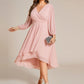 Plus Size Chiffon A-Line 3/4 Sleeves Asymmetrical Hem Wedding Guest Dress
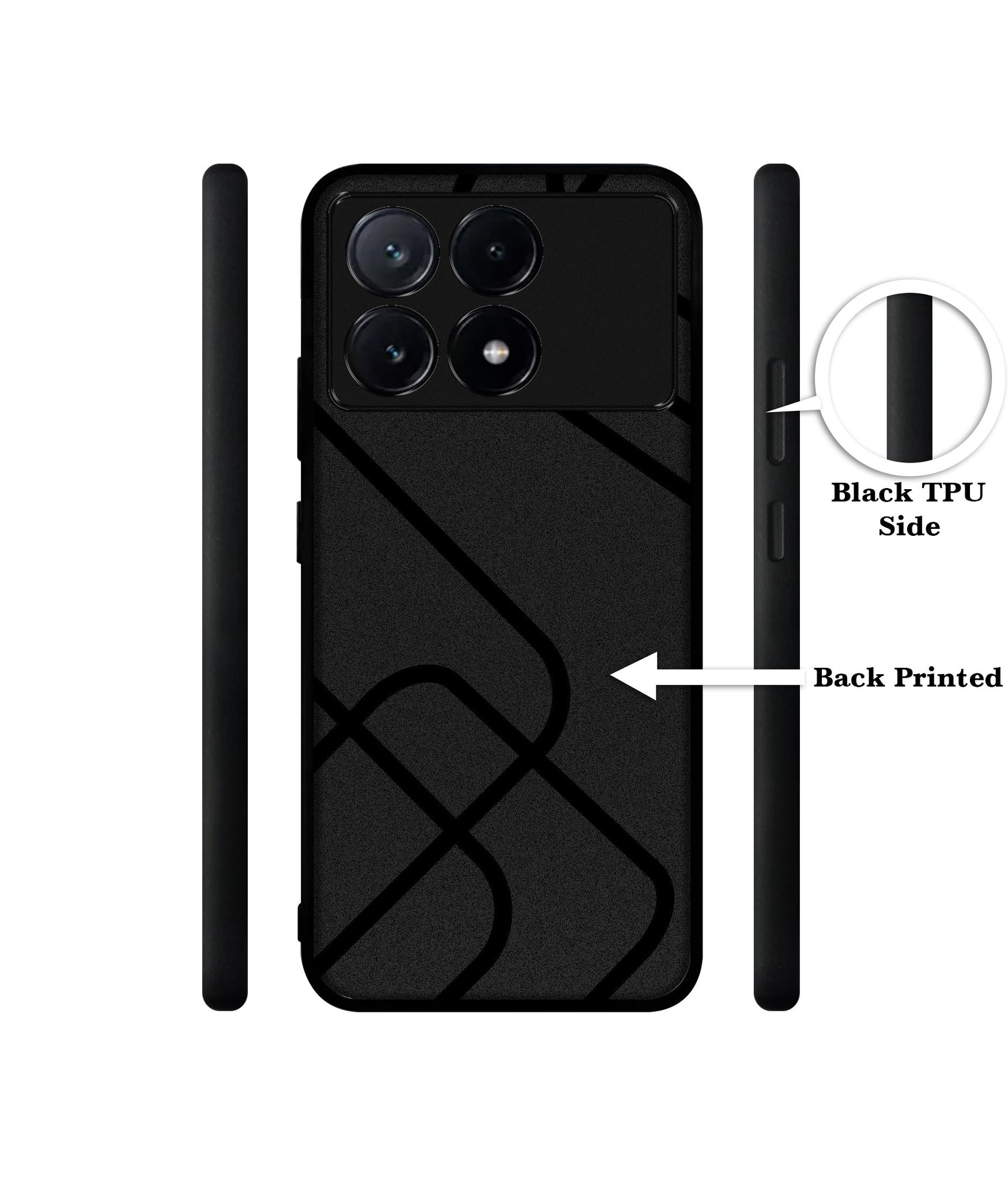 Zig-Zag Black Line Design Designer 2D Printed Back Case Cover for Poco X6 Pro 5G / Mi Redmi K70E 5G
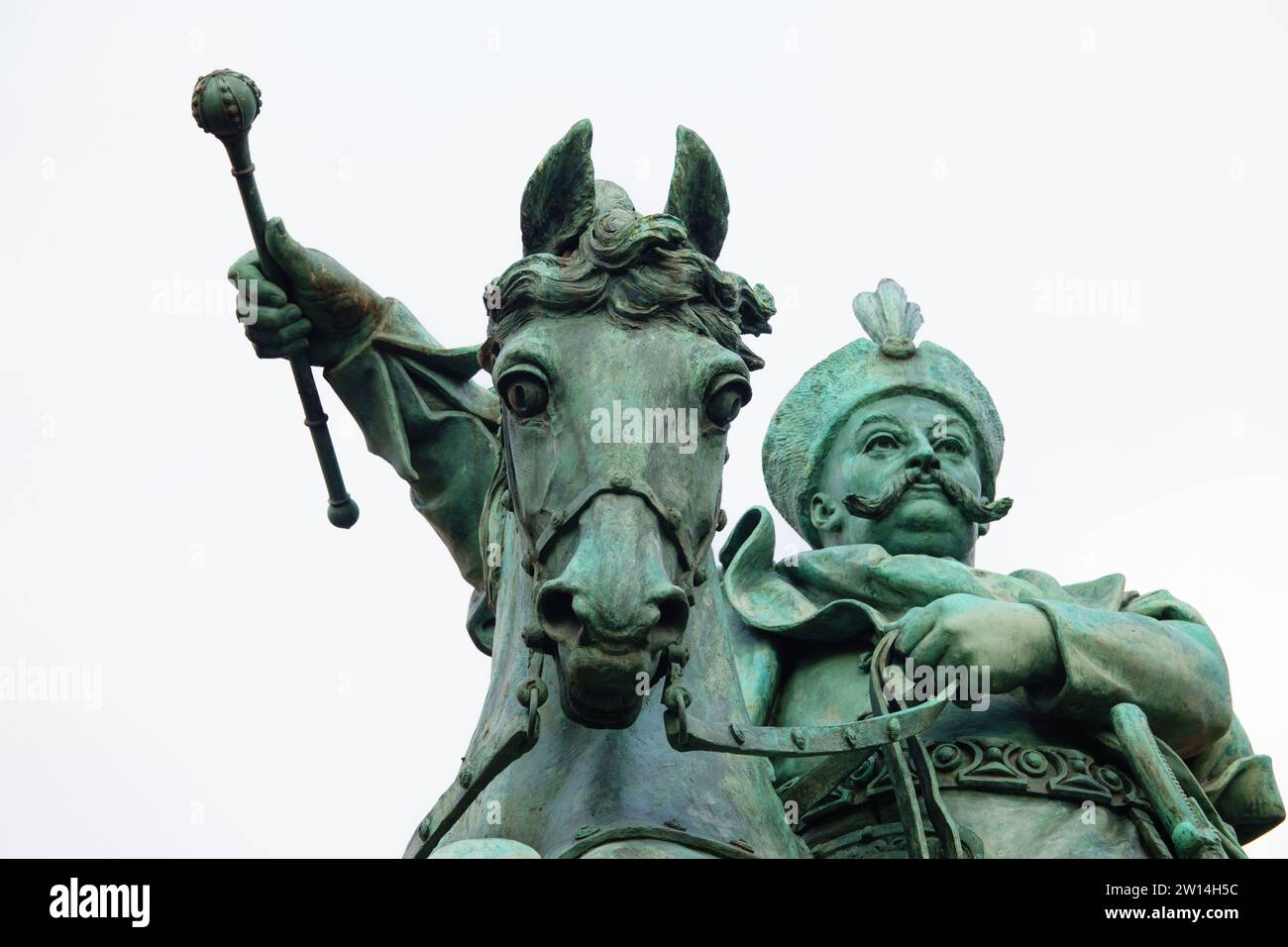 14.01.2023: Monument of king Jan III Sobieski in Gdansk. Poland Stock Photo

────────────────────

**Work request:**
Please print the data above in its entirety, exactly, but without any picture.

**Solution:**
 Plus Size Chiffon A-Line 3/4 Sleeves Asymmetrical Hem Wedding Guest Dress
 Zig-Zag Black Line Design Designer 2D Printed Back Case Cover for Poco X6 Pro 5G / Mi Redmi K70E 5G
 14.01.2023: Monument of king Jan III Sobieski in Gdansk. Poland Stock Photo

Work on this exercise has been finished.